# Suggestions for a smaller tank



## mmseng (Oct 13, 2008)

Hey, I've got a 19g long tank that I've had set up for a while. I've just had a few danios in there for a while, but I'm trying to decide what I want to dedicate the tank to. It's a sand substrate, and it's my first and only tank to have sand.

I love loaches, however I've got a 75g that basically stocked with loaches already. If I can find some interesting or unique loaches to keep I wouldn't mind that, although finding non-standard loaches in my area is pretty hard.

I've been thinking about making it a Cory tank, but my experience thus far with cories has been pretty poor. They're quite cute and fun, but I'm sure I don't have to explain how difficult they can be to keep, especially with a number of other kinds of fish. However I imagine a cory species tank would be easier.

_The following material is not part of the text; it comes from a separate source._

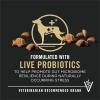 imagePurina Pro Plan Complete Essentials Shredded Blend Chicken and Rice Dog Food Dry Formula with Probiotics for Dogs  5 lbBeef  Rice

Anyway I've kind of got writers block so to speak with trying to decide what to use this tank for, so any suggestions are welcome. Thanks for any input,

== Matt


----------



## Guest (Oct 15, 2008)

You could have some Cories with some schooling fish like Rasboras, Tetras, small Rainbowfish. They just need to be kept with fish that won't be aggressive towards them....since they are passive.

I would stick to a smaller Cory species like Panda, any of the Dwarves (pymaeus, hastatus, habrosus), Skunk/Arcuatus Cories, nanus, or false juliis (trilineatus) to name a few. Some of the Aspidoras species would work too, if you can find them.

I would stick to 1 type and have like 8 of them with some type of top-middle dweller.


----------



## mmseng (Oct 13, 2008)

Wow, you're everywhere I go! Thanks for all the advice.


----------



## Guest (Oct 15, 2008)

I'm a stalker, what can I say.  


(just kidding)


I'm a plant and small fish person.


----------



## Logicaly (Sep 28, 2008)

I agree that corys would be good to keep in your tank. I am actually a big fan of the corys and have some in one of my tanks. Although I kind of mixed and matched my corys, but they all seem to get along great. Their very active and happy with each other as far as I can tell.


----------



## serakac (Oct 20, 2008)

Put the tank in the location you want it to remain permanently. Try to put it in a location away from window. too much sunlight can harm the fish and cause the algae to grow rapidly. Rinse the gravel and place it in the bottom of the tank about 2-inches deep. Arrange plants and decorations in the tank. Fill the tank with water. Attach the heater to the inside of the tank and turn it on. Follow the manufacturer's instructions that come with the heater. For most tropical fish, you should keep your water temperature between 72 and 77 degrees. Research the type of fish you choose. Different fish thrive in specific temperatures. 
------------------------
Sera

Guaranteed ROI


----------



## Buggy (Oct 17, 2006)

serakac said:


> Put the tank in the location you want it to remain permanently. Try to put it in a location away from window. too much sunlight can harm the fish and cause the algae to grow rapidly. Rinse the gravel and place it in the bottom of the tank about 2-inches deep. Arrange plants and decorations in the tank. Fill the tank with water. Attach the heater to the inside of the tank and turn it on. Follow the manufacturer's instructions that come with the heater. For most tropical fish, you should keep your water temperature between 72 and 77 degrees. Research the type of fish you choose. Different fish thrive in specific temperatures.
> ------------------------
> Sera
> 
> Guaranteed ROI


Sound advice for a complete "no clue" newb. Too bad it was posted in the wrong section.


----------



## CoryOto (Oct 17, 2008)

*Hard to keep??*



mmseng said:


> I've been thinking about making it a Cory tank, but my experience thus far with cories has been pretty poor. They're quite cute and fun, but I'm sure I don't have to explain how difficult they can be to keep, especially with a number of other kinds of fish.


Why do you think Corydoras are difficult to keep? That hasn't been my experience at all.


----------